The poems set out to examine the subtle, the inaccessible, what is too fine for our senses, "the song that is sung between notes." We might say their element is air, the most intangible of the elements, though followed closely by fire (which Mengert "sets sounds to"): the fire of passion, eros, desire—including the desire to ink the unnoticeable into at least an inkling of possibility:

I've heard him call I've answered
who could tell these things apart.

Often the process seems "neither song nor / argument" but purely physical: "the extension / of the tongue into one's / butterflied body." A complicated image for the crucial role of language, to have the tongue become the entire body—and take wing. If we feel slightly uneasy about this fluttering off into the air because butterflied also reminds us of the butcher, the next lines show that this is fully intended:

...Like leaves
agonize their unfurling
the body agonizes its
changing state.

There is a restlessness in the poems. They move in abrupt shifts (sometimes humorous, as when a classical, high-toned invocation of the god of marriage, "O Hymen, Hymenaios," is followed by "ah, ah, thump!"—bridged, it is true, by the double-entendre of "I believe / you are coming"). It is as if the poems navigated ever changing and interpenetrating planes where you cannot stand still, where you are always between. Sometimes it seems the poems almost disperse; the words float off into a space as vast and indeterminate as that of Barbara Guest's poems. Mengert admires the way Guest's poems are "omni-located, not here or there, but here and there." And Mengert adds, "if it were possible to enact such a thing in my work I would want to do it."

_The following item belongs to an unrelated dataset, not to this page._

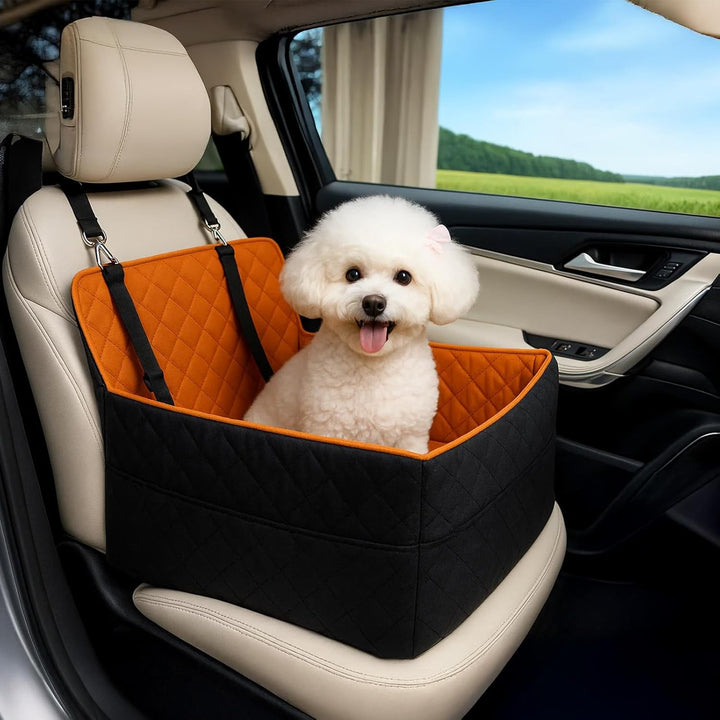 Hunde Autositz für kleine & mittelgrosse bis 25kg mit Sicherheitsleine & Aufbewahrungstaschen abnehm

Perhaps it is not music, not "the thing that fills the spaces between matter," not "the formal site of resistance." But it is an attempt. It is always "the year of one foot after the other and go." If not song, it certainly is singing: "that sound / we set to fire."

The whole of sound, like
the whole of thought   we step into

and out of; it changes

or we change.

Though it may seem almost to dissolve, the poem, as Celan has said in Der Meridian, "constantly pulls itself back from an 'already-no-more' into a 'still-here.'" And "the poem holds its ground on its own margin"—a place where seeming emptiness can turn into a fullness of motion, potential, song, being. To end with Emily Dickinson: "though there is no Course, there is Boundlessness."